Early-stage product design and development activities include:

• User needs analysis
• Product conceptualization
• Feasibility studies
• Preliminary design sketches

Initial Product Design

With the concept identified and agreed upon, our engineers and designers take a user- and patient-centric approach to develop detailed designs and engineering plans. Leveraging advanced modeling and simulation tools, we bring your vision to life with precision and creativity.

Rapid Prototyping, Testing, and Iterating

At StarFish, we champion iterative development with a keen focus on risk management. By rapidly creating prototypes, we can test and refine your design early in the process, ensuring a faster time to market.

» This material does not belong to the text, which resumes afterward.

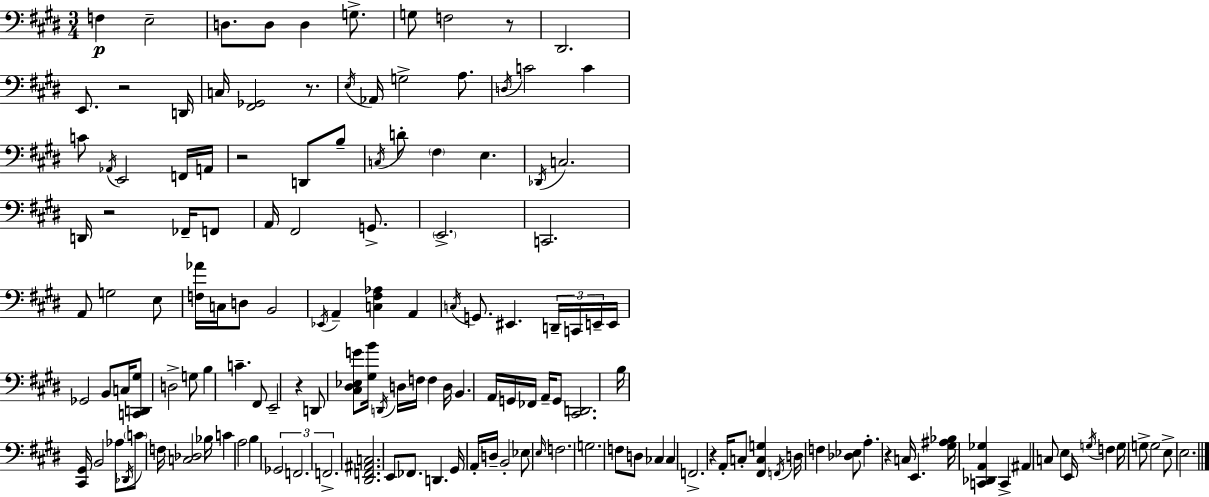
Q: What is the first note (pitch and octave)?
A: F3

Our in-house prototyping capabilities enable us to swiftly produce and evaluate physical models. This thorough vetting of design iterations ensures that each stage is meticulously reviewed before advancing to the next phase.

Building prototypes for Verification & Validation and Clinical Trials

When you need a pilot prototype for verification and validation (V&V), pre-clinical, or clinical trials, StarFish Medical has the expertise and facilities to support you.

Our dedicated new product introduction (NPI) and manufacturing teams build prototypes in our class 10,000 cleanrooms (when required), ensuring seamless production without the need to transfer to another manufacturing partner. This streamlined approach minimizes transitions, reduces risk, and provides you with greater control over the initial product builds, bringing your innovative solutions to life with precision and efficiency.

Strategic Regulatory Support

Successfully bringing a medical device to market requires a clear regulatory roadmap and compliant systems, processes, and documentation. Our quality assurance and regulatory affairs (QA/RA) experts offer invaluable guidance throughout the development process. With decades of experience working with regulatory bodies worldwide, our QA/RA team assists with everything from regulatory strategy to submission package preparation, ensuring your product meets all necessary standards and requirements.

Manufacturing and Technology Transfer

Minimize manufacturing risks with a seamless transition from prototype to full-scale production. We collaborate closely with you and our manufacturing partners to ensure a smooth technology transfer. Throughout all design and development stages, we leverage project management best practices to uphold the highest quality standards and optimize production efficiency.

Project and Program Management

To enhance efficiency and accelerate time to market, every StarFish client is assigned dedicated project and program managers. Utilizing proven agile processes and a rigorous quality management system (QMS), we ensure your program stays on track and aligned with both internal and external milestones.